## PROBLEM STATEMENT
The required output is the lines from the one with "CE ROHS FCC" through the end of the data, repeated verbatim, with no pictures included.

(Crawled caption data)
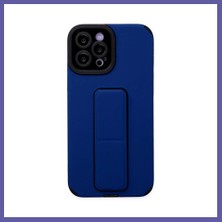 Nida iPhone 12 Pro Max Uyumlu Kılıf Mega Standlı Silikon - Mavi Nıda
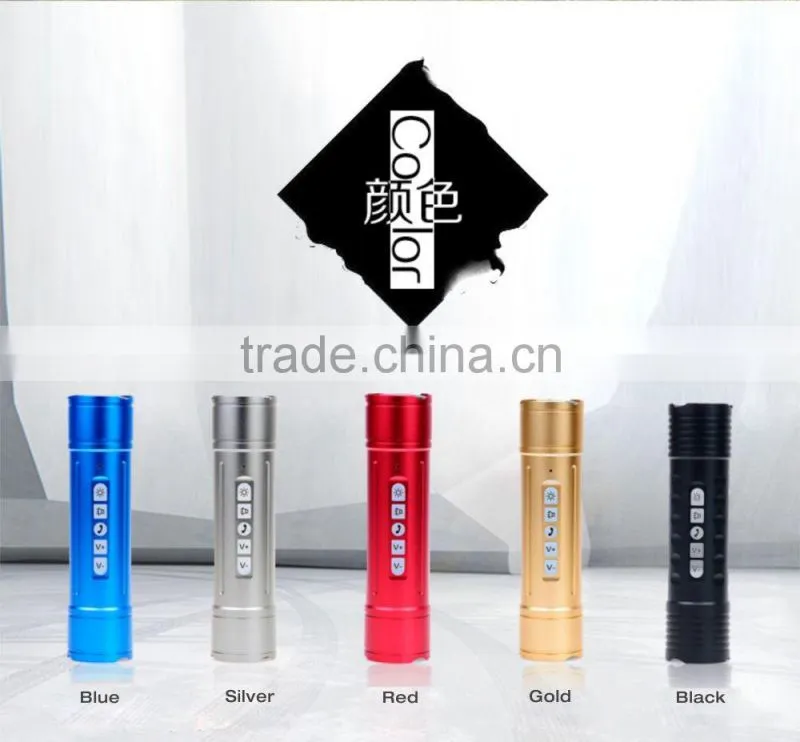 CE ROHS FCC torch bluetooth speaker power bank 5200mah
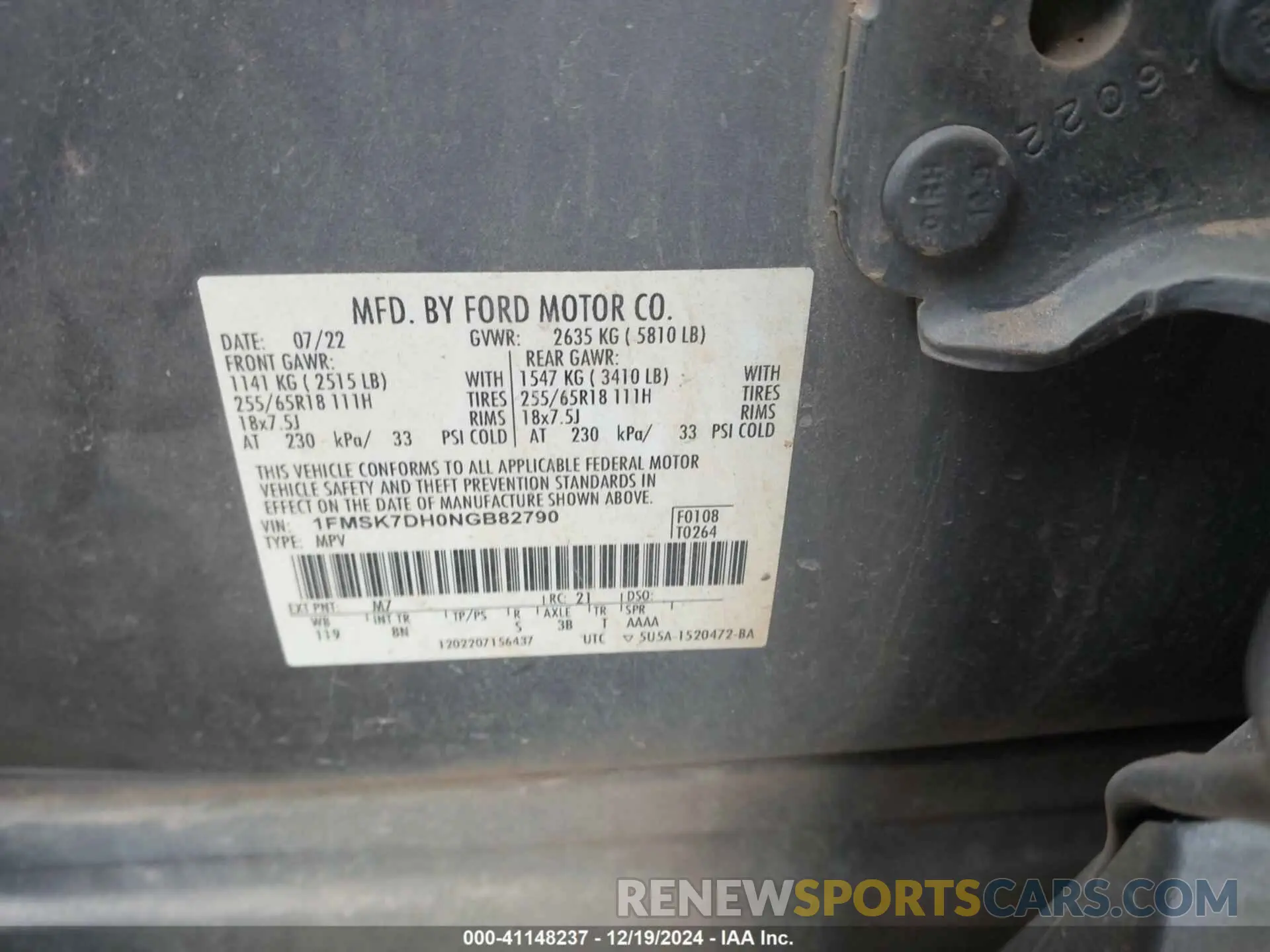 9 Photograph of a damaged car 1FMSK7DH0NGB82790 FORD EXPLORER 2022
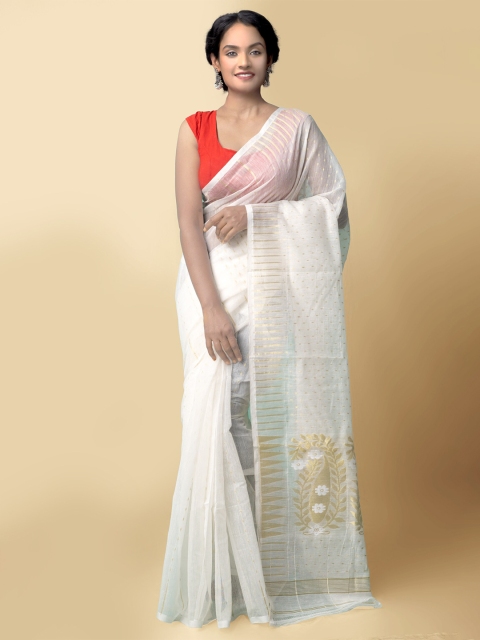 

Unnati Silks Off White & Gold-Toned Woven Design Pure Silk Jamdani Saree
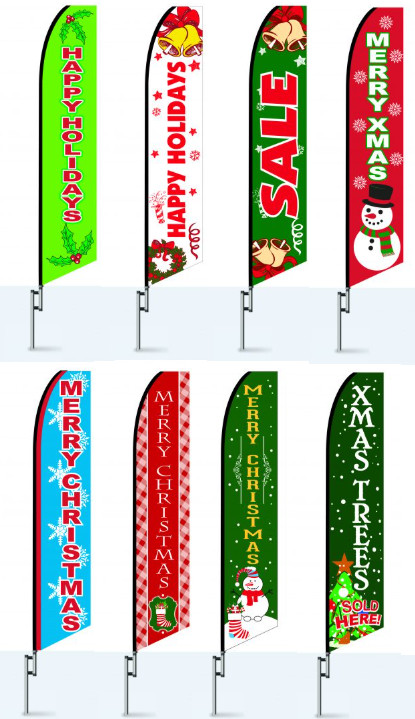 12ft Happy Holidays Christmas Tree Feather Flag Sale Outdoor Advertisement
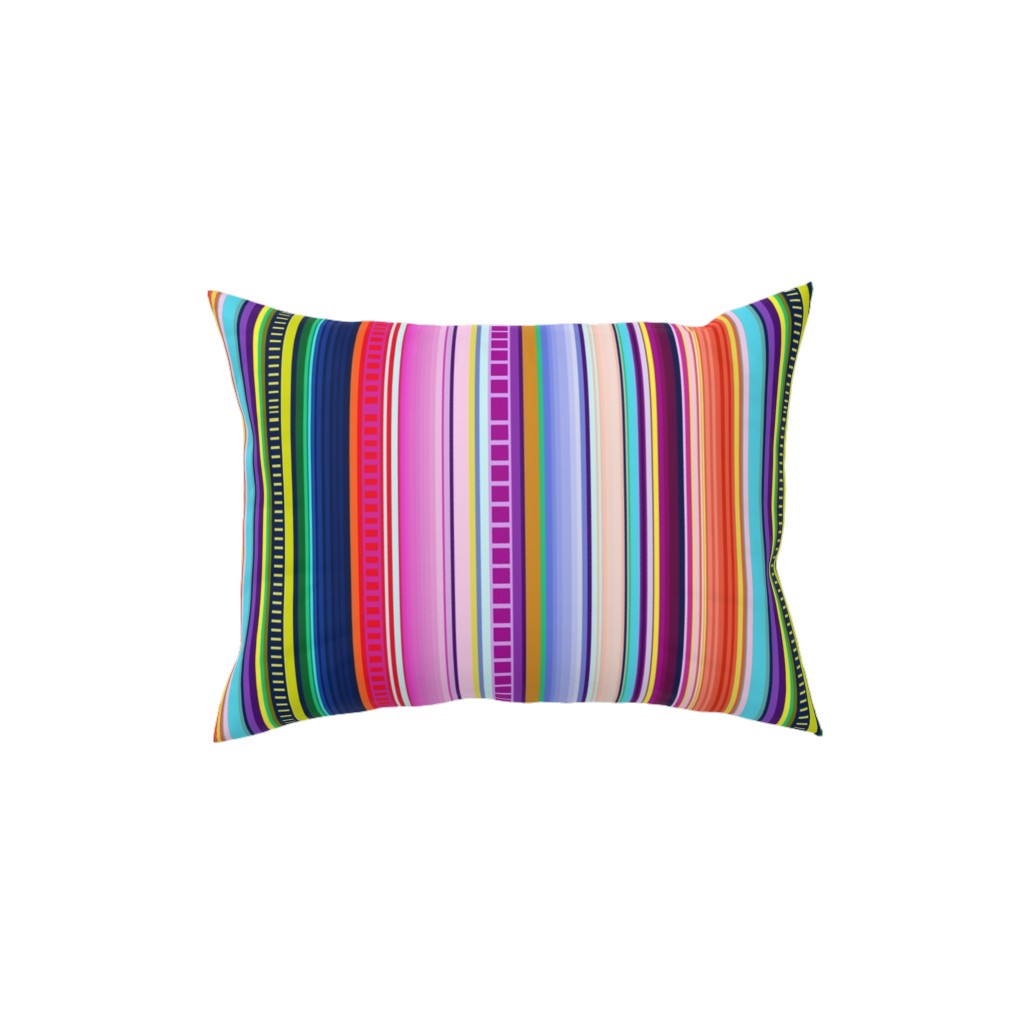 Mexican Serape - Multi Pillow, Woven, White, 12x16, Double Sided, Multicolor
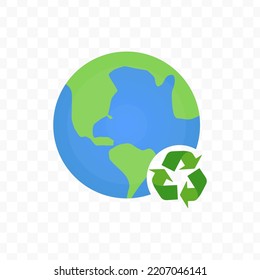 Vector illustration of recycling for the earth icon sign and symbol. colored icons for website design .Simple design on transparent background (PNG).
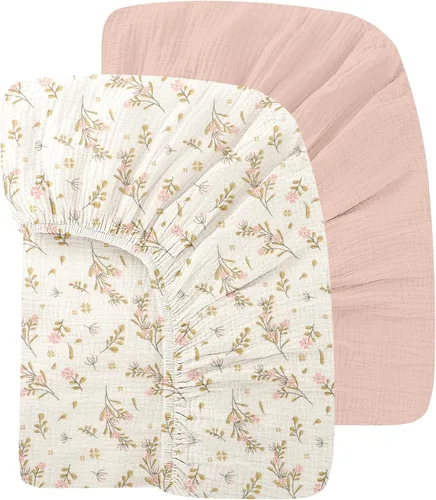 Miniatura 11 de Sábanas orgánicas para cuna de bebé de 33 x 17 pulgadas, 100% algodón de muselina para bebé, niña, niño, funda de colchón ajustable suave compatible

## PROBLEM SOLUTION
 CE ROHS FCC torch bluetooth speaker power bank 5200mah
 9 Photograph of a damaged car 1FMSK7DH0NGB82790 FORD EXPLORER 2022

Unnati Silks Off White & Gold-Toned Woven Design Pure Silk Jamdani Saree
 12ft Happy Holidays Christmas Tree Feather Flag Sale Outdoor Advertisement
 Mexican Serape - Multi Pillow, Woven, White, 12x16, Double Sided, Multicolor
 Vector illustration of recycling for the earth icon sign and symbol. colored icons for website design .Simple design on transparent background (PNG).
 Miniatura 11 de Sábanas orgánicas para cuna de bebé de 33 x 17 pulgadas, 100% algodón de muselina para bebé, niña, niño, funda de colchón ajustable suave compatible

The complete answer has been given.